TASK
Write the listing out once more, identical to the original but without pictures.

RECORDS FOR PROCESSING
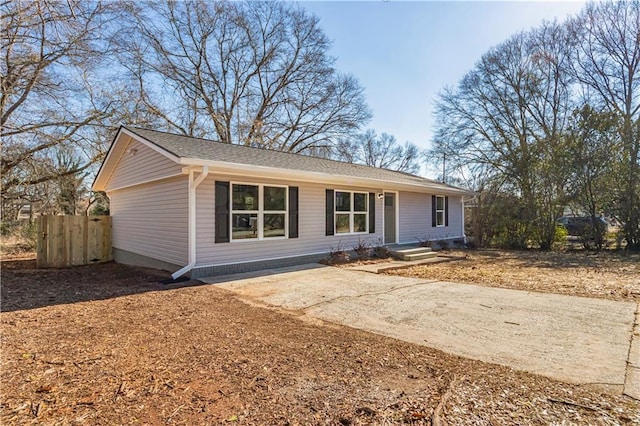 view of ranch-style home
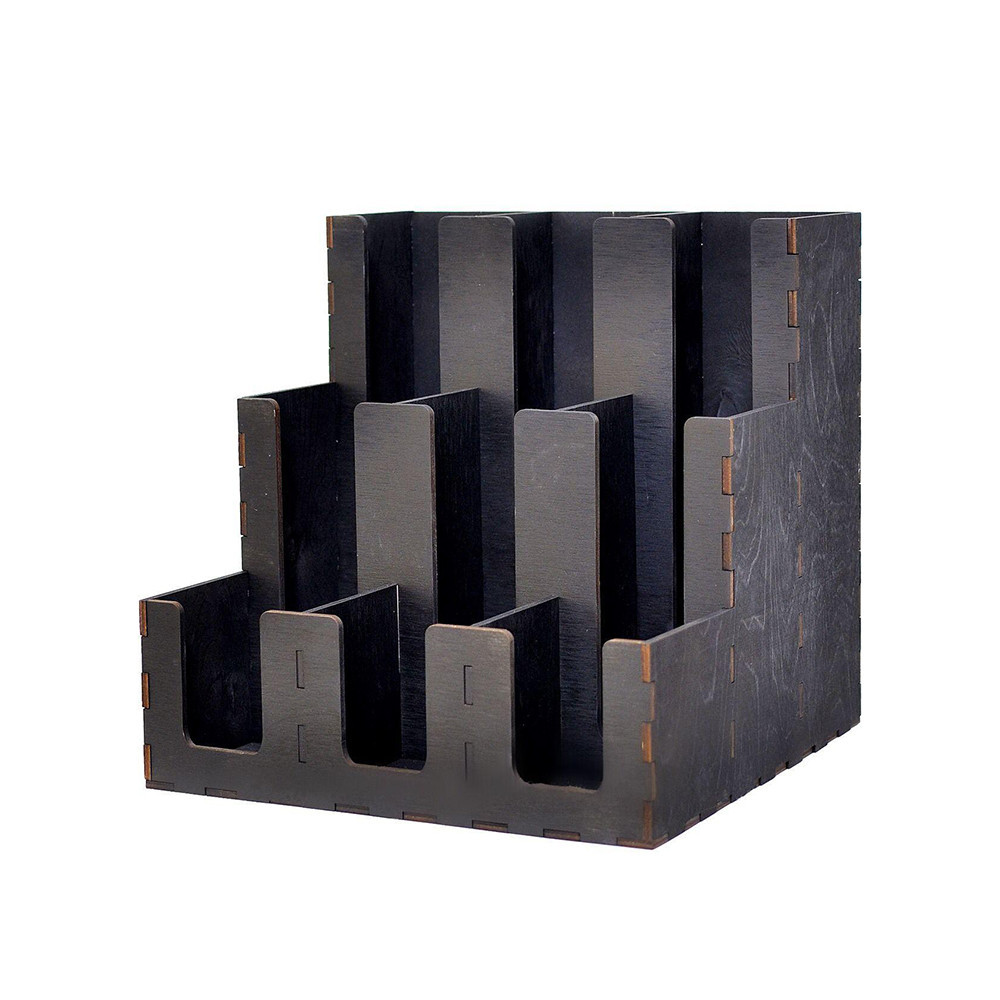 Органайзер EKOSTAR деревянный для стаканов чёрный 320х320х305 Киев - изображение 4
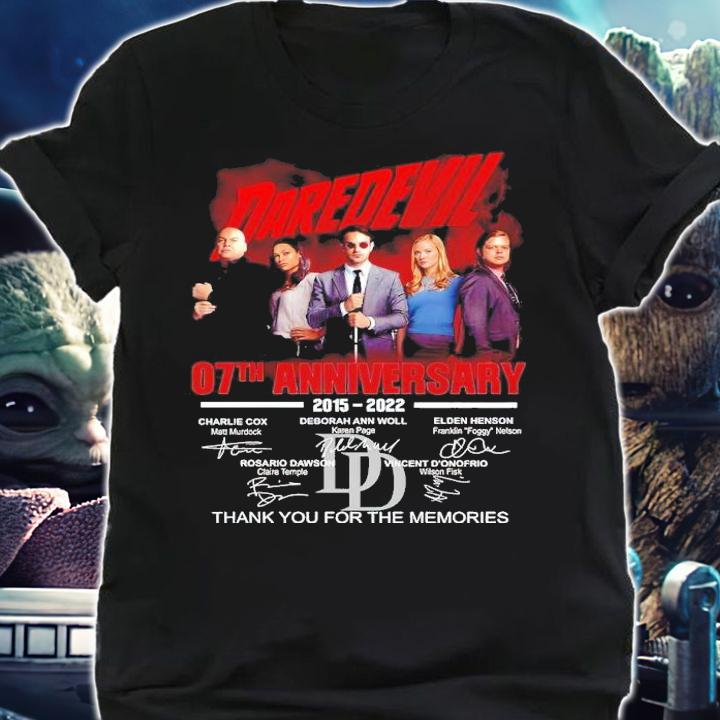 Daredevil 07th Anniversary 2015-2022 Signatures Thank You For The Memories Shirt t-shirt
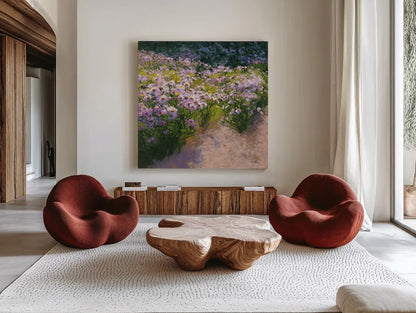Buckhorn Aster Show by Shirley Novak. Shown as extra-large giant wall art in a modern living room. Available as an archival giclee rolled canvas, fine art paper, or poster print. SKU 27548a.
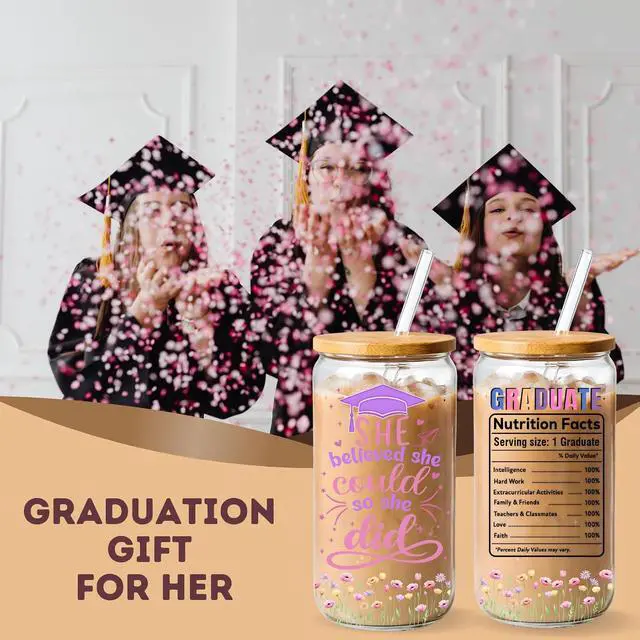 Alt view image 7 of 7 - College Graduation Gifts for Women 2026, Glass Cup 16oz with Bamboo Lid and Straw High School Graduation Gifts for Women, Grad Gifts for Girls Friend Daughter Coworker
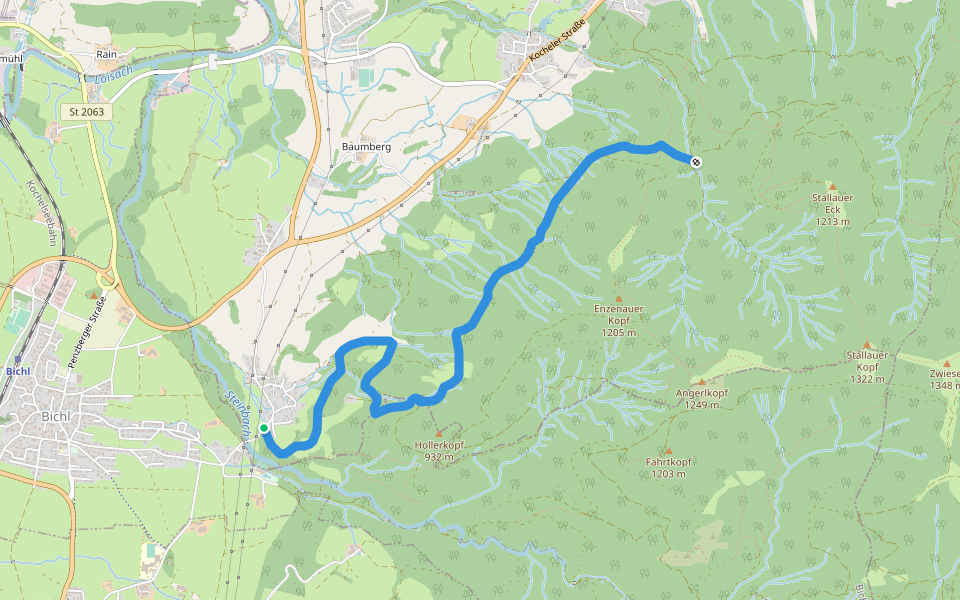 Wanderweg HB 1 - Isarwinkel walking route map in Bad Heilbrunn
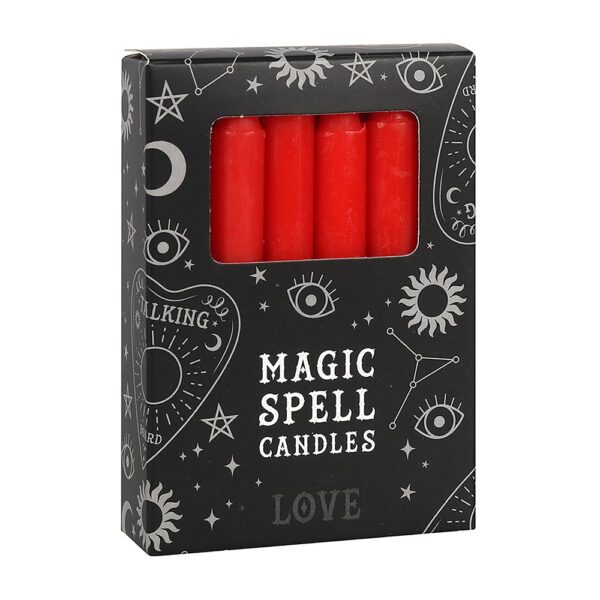 PACK OF 12 RED 'LOVE' SPELL CANDLES - Image 2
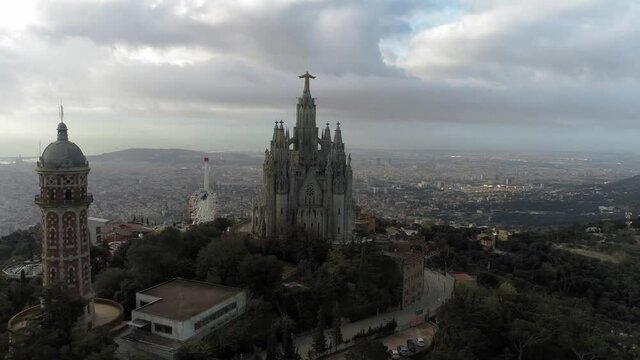 Temple Expiatori del Sagrat Cor is a Roman Catholic church and minor basilica located on the summit of Mount Tibidabo in Barcelona, Catalonia, Spain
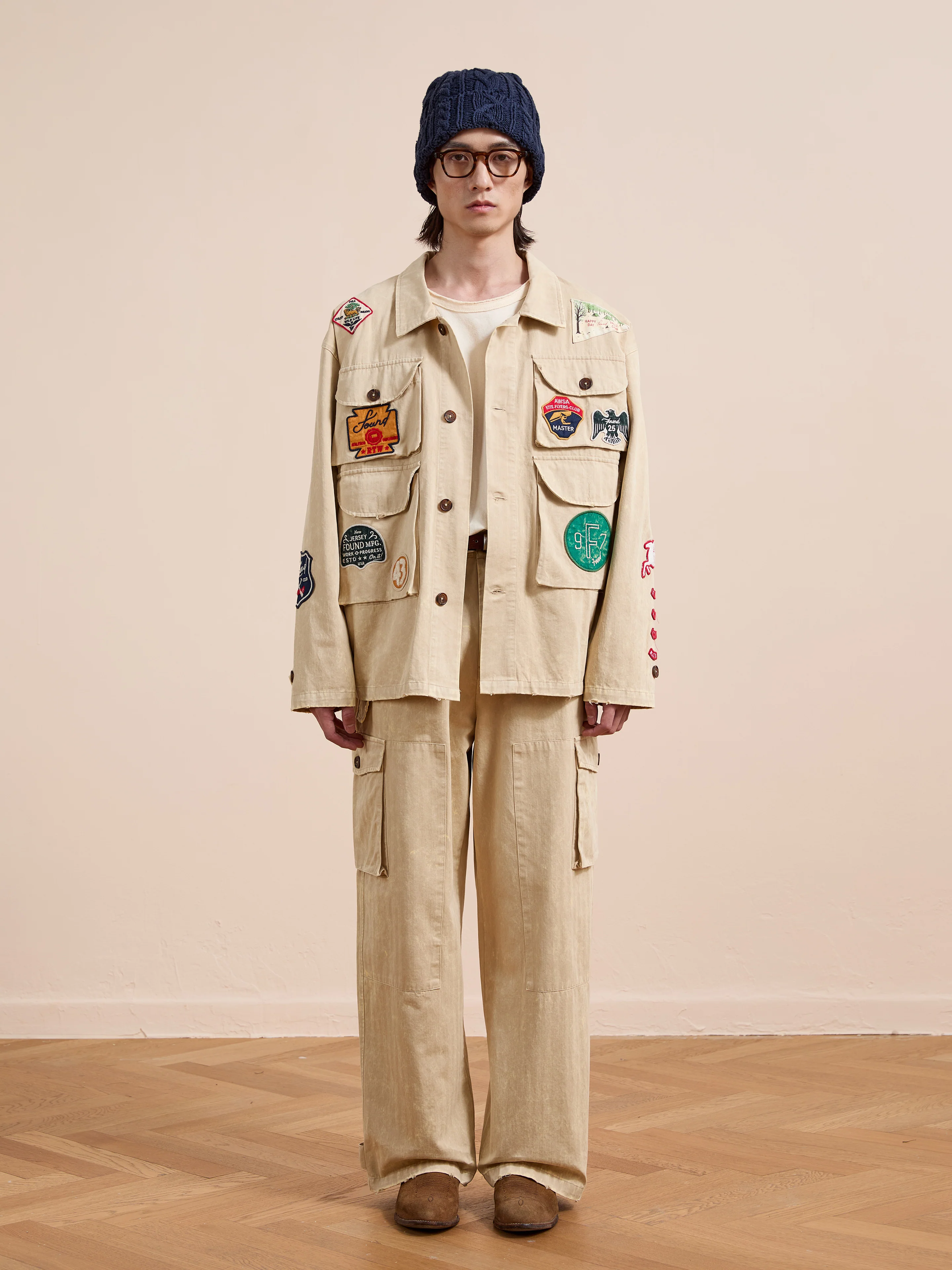 Herringbone Utility Patchwork Jacket - Image 9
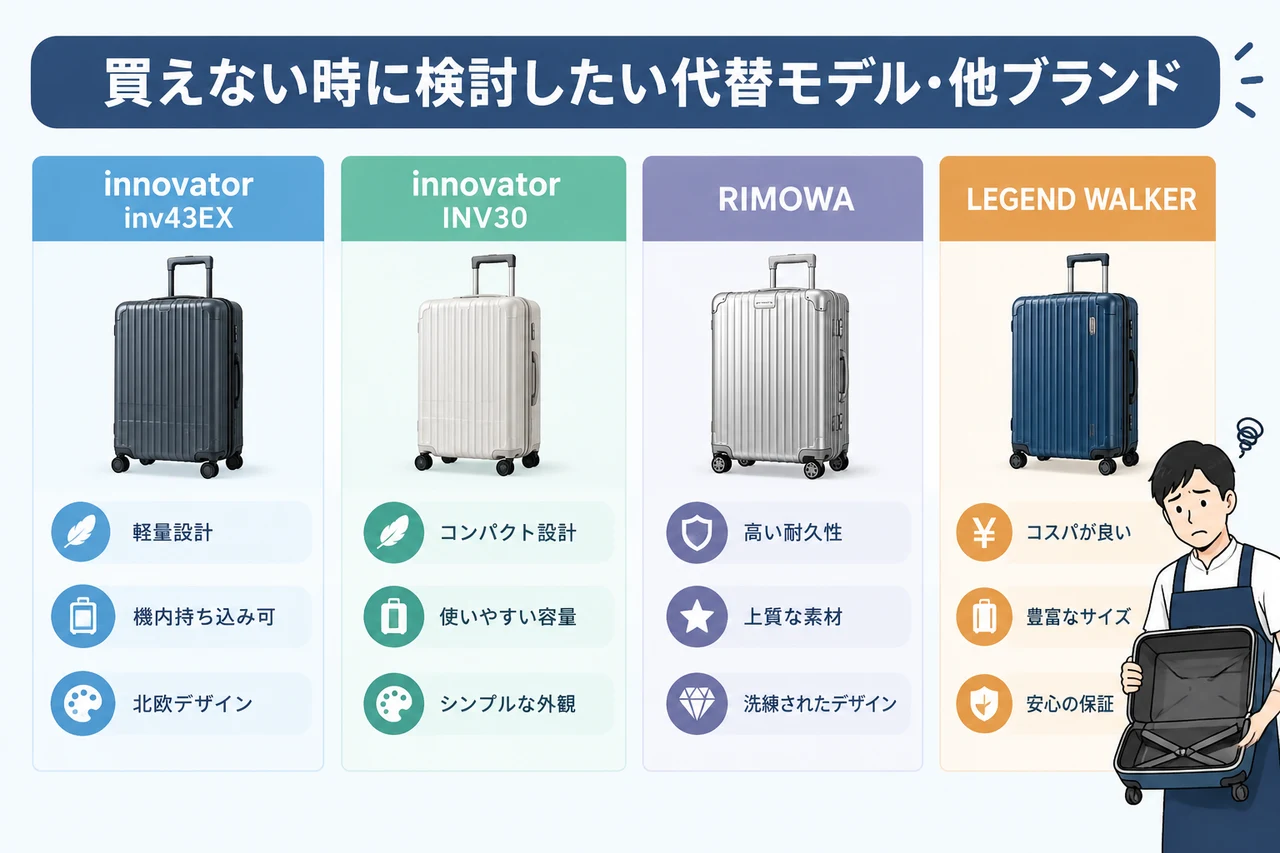 買えない時に検討したい代替モデル・他ブランドの要点をまとめた図解（innovator inv43EX・innovator INV30・RIMOWA）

WRITTEN ANSWER
 view of ranch-style home
 Органайзер EKOSTAR деревянный для стаканов чёрный 320х320х305 Киев - изображение 4
 Daredevil 07th Anniversary 2015-2022 Signatures Thank You For The Memories Shirt t-shirt
Buckhorn Aster Show by Shirley Novak. Shown as extra-large giant wall art in a modern living room. Available as an archival giclee rolled canvas, fine art paper, or poster print. SKU 27548a.
 Alt view image 7 of 7 - College Graduation Gifts for Women 2026, Glass Cup 16oz with Bamboo Lid and Straw High School Graduation Gifts for Women, Grad Gifts for Girls Friend Daughter Coworker
 Wanderweg HB 1 - Isarwinkel walking route map in Bad Heilbrunn
 PACK OF 12 RED 'LOVE' SPELL CANDLES - Image 2
 Temple Expiatori del Sagrat Cor is a Roman Catholic church and minor basilica located on the summit of Mount Tibidabo in Barcelona, Catalonia, Spain
 Herringbone Utility Patchwork Jacket - Image 9
 買えない時に検討したい代替モデル・他ブランドの要点をまとめた図解（innovator inv43EX・innovator INV30・RIMOWA）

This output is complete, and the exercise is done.